Ryan Partain, Trey Seabrooke, Tyler Kolby, Daniel Hanna

Mechanical Wave Model Lab

Objective: to determine the graphical and mathematical relationship between velocity and amplitude, velocity and length of the pulse, velocity and distance, and velocity and force.

Picture of Apparatus:

Materials:
  • Distance measurement device
  • Spring of length greater than ~1 meter
  • Timer
  • Force measuring device

Procedure:
To begin, obtain all materials listed above. Lay the spring flat on the ground. Straighten the spring but do not stretch the spring, and record the length of the spring in a straight line.
First record data for the relationship of velocity vs. amplitude. Position the spring at a slightly stretched position and record the length. Two group members are holding the stretched spring at their fixed positions. One group member places his or her foot next to the spring ~1 foot from their end of the spring. The portion of the spring in between the group members foot and the fixed end will now be used to create the amplitude for the pulse. Keep the foot at the same position and change the distance you pull the middle portion of the spring. Record the time it takes for the pulse to go to the other end and return.
Next record data for velocity vs. pulse length. The same setup is used as previously. For this experiment, keep the amplitude constant and move the group members foot at various distances. Record the distances and corresponding time for the pulse to return.
Next, to record velocity vs. distance hold the spring length constant and setup the same as before. Instead of timing the pulse from start to return, now time the pulse from start to half length, start to full length, start to full and one half length, and start two two full lengths to record any change in velocity.
Finally use a force measuring device to determine the force on the spring by the fixed end. Move the spring to get various force values and record the time for the pulse from start to return to determine velocity for each value. Keep the amplitude and pulse length constant.

Data Table:
Lab 10 Data Table.png

Graphs:
Velocity vs. Amplitude
Velocity vs. Amplitude.png

Velocity vs. Pulse Length
Velocity vs. Pulse Length.png

Velocity vs. Distance
Velocity vs. Distance.png

Velocity vs. Force
Velocity vs. Force.png

Conclusion: (no relationship in any except V vs. F.  Despite what appears to be a linear relationship, the data set accidentally followed that general trend, but the numbers were scattered.  Due to experimental error, the data appears to have a relationship despite having none)
In the graph of V vs. F, the relationship is parabolic; therefore V is squared to linearize making the graph V^2 vs. F. Based on this graph we see the relationship V^2=( m/kg)F.

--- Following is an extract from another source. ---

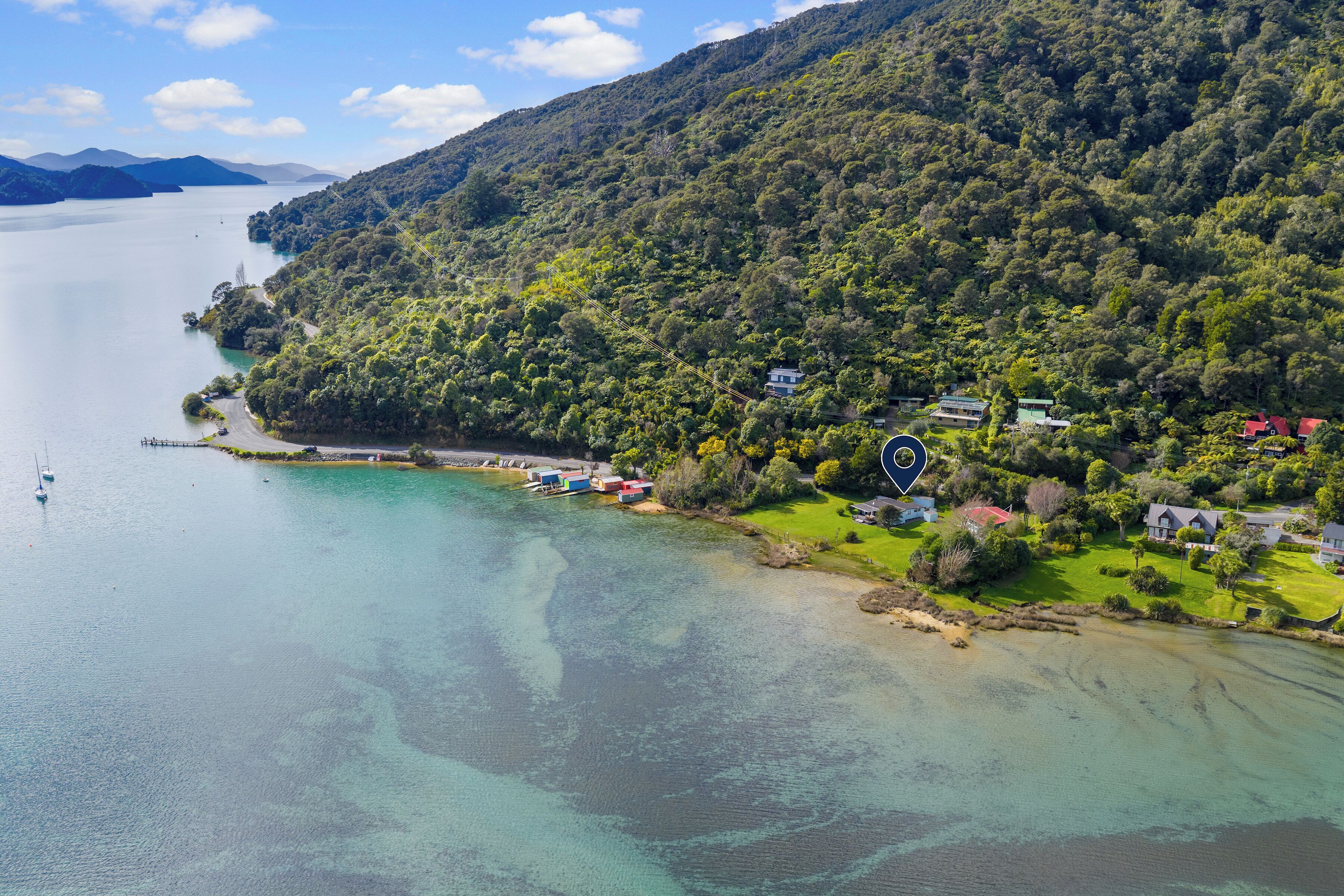 Une zone côtière comprenant un lac, des maisons et une colline boisée.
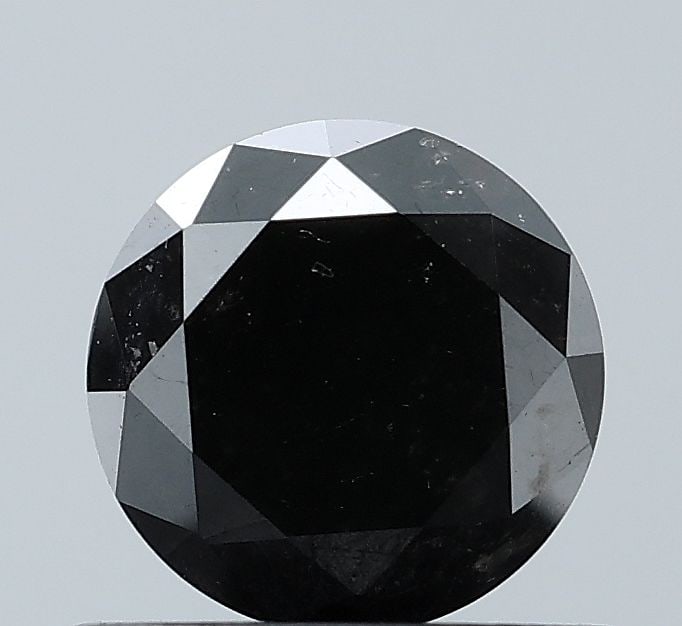 Loose Diamond - ROUND 0.74ct Fancy Black VVS2: Loose Diamond - ROUND 0.74ct Fancy Black VVS2 Source: Natural Shape: ROUND Carats: 0.74 Color: Fancy Black Certification: NONE Video:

Sources of error include difficulty in pinpointing the exact time one wavelength has traveled the entire length of the spring, and difficulty in keeping the spring in the exact same position throughout the experimental trials. The procedure could be improved if there were more stable fixed positions at the ends of the spring. It could also be improved if the pulses were more accurately recorded. For example, using ones foot works but contributes in error of the experiment due to the width of the foot in contact with the spring.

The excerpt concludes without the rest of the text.